Your assignment.
With the pictures left aside, write out exactly the lines of the listing below from the line with "Girls masti in" to the line with "16 Devonshire Drive", both included, and only those.
------ Information supplied ------
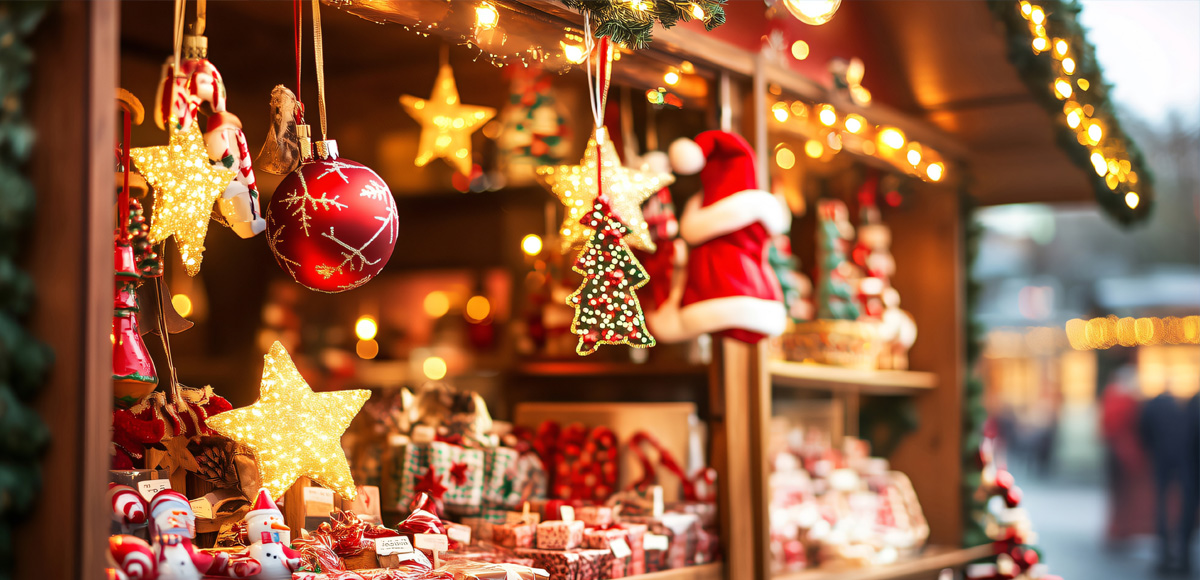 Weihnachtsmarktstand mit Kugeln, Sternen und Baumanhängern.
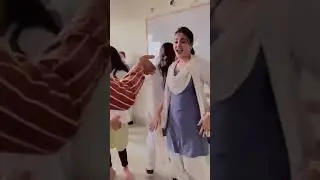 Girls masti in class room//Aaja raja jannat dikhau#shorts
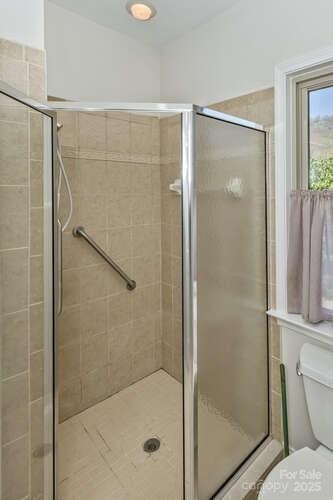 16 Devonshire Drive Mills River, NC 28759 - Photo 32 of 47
------
------ Information supplied ------
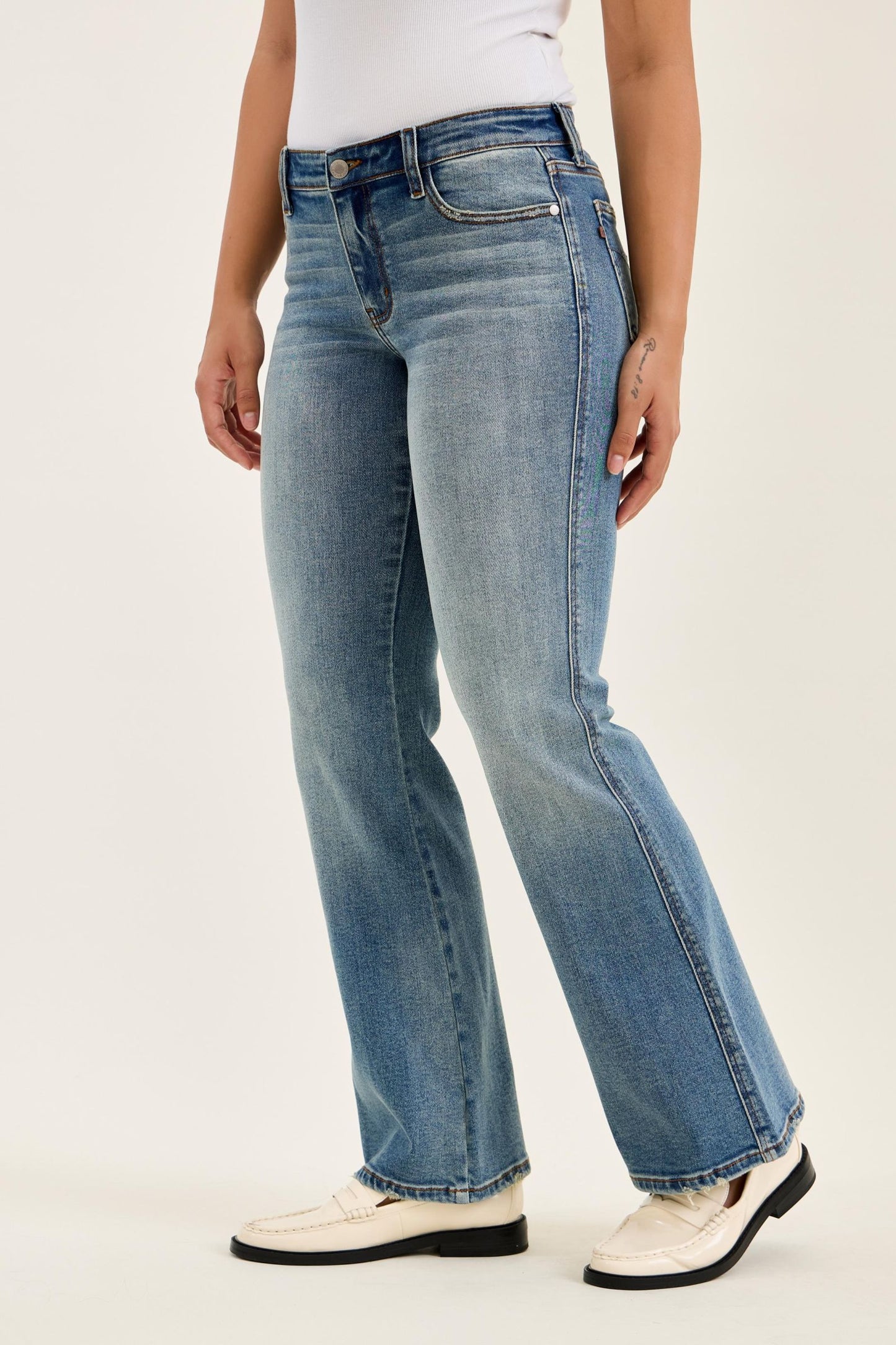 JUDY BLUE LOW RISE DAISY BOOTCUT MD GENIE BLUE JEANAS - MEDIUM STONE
------
Solution below.
 Girls masti in class room//Aaja raja jannat dikhau#shorts
 16 Devonshire Drive Mills River, NC 28759 - Photo 32 of 47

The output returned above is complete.